Mosaic of a villa and fishermen

Said to have been found at Ostia, together with a banquet mosaic, for which see Detroit, Detroit Institute of Arts Museum. Sold to the museum by Sotheby's in 2007 for 510,000 USD.
Date: early fourth century AD. Meas. 0.597 x 0.59.

Auction catalogue: "Set into a terracotta frame, in minute multi-colored stone and glass tesserae within a dentate border, depicting in the rocky foreground two fishermen rounding up fish in a broad net, another rowing to right in a small skiff, each wearing a short tunic and wide-brimmed rounded hat, a large high-handled wicker basket at left, a dolphin entwined around a post at right, in the middle ground a draped man and woman sacrificing at an altar between two shrine-like structures, one pedimented, each with grilled opening in front, and in the background a sprawling complex of towers and colonnaded buildings surrounded by tall trees."

Same image, large.

Mentioned in Christine Kondoleon, Antioch: The Lost Ancient City, Princeton 2000, 184-186, cat. nr. 68. Sotheby auction catalogue June 7 2007, lot 77.

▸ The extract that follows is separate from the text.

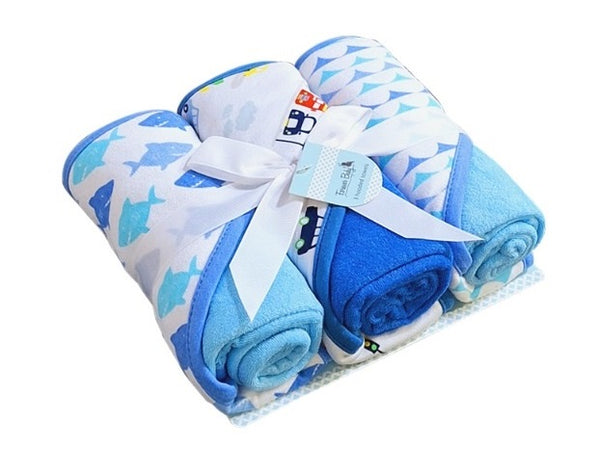 Hooded Towels for Baby 3pcs set Blue | cl186-3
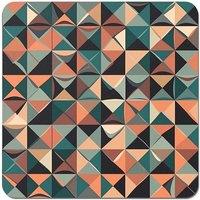 Warren Reed - Designer Geometric Print Pattern Coasters - Set of 4 in Green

Auction catalogue: "Provenance: Adolph Loewi, Los Angeles; Gloria Desser (1923-2004), Los Angeles, mid 1950s. The present panel is said to have been found at Ostia, the ancient port city of Rome, together with another emblema depicting an outdoor banquet with live entertainment; the latter was acquired in November 1954, also from Adolph Loewi, by The Detroit Institute of Arts (inv. no. 54.492). Both mosaics share the same size, terracotta mount, dentate border, style, and tripartite horizontal composition. For a related mosaic from Rome, perhaps also an emblema, showing a similar harbor scene see Helen Whitehouse, Ancient Mosaics and Wallpaintings (Paper Museum of Cassiano dal Pozzo, vol. A.I), London, 2001, no. 36. Also see Sotheby's, New York, December 9th, 2003, no. 75."

In Toledo according to Alamy photo DC12H9, taken June 8 2013, and according to A. Velo-Gala - J.A. Garriguet Mata, "Roman window glass: an approach to its study through iconography", Lucentum 36 (2017), 159-176, 164. There are no further mentions of the mosaic in this museum, not even by the museum itself. It may have been sold immediately to a private collector.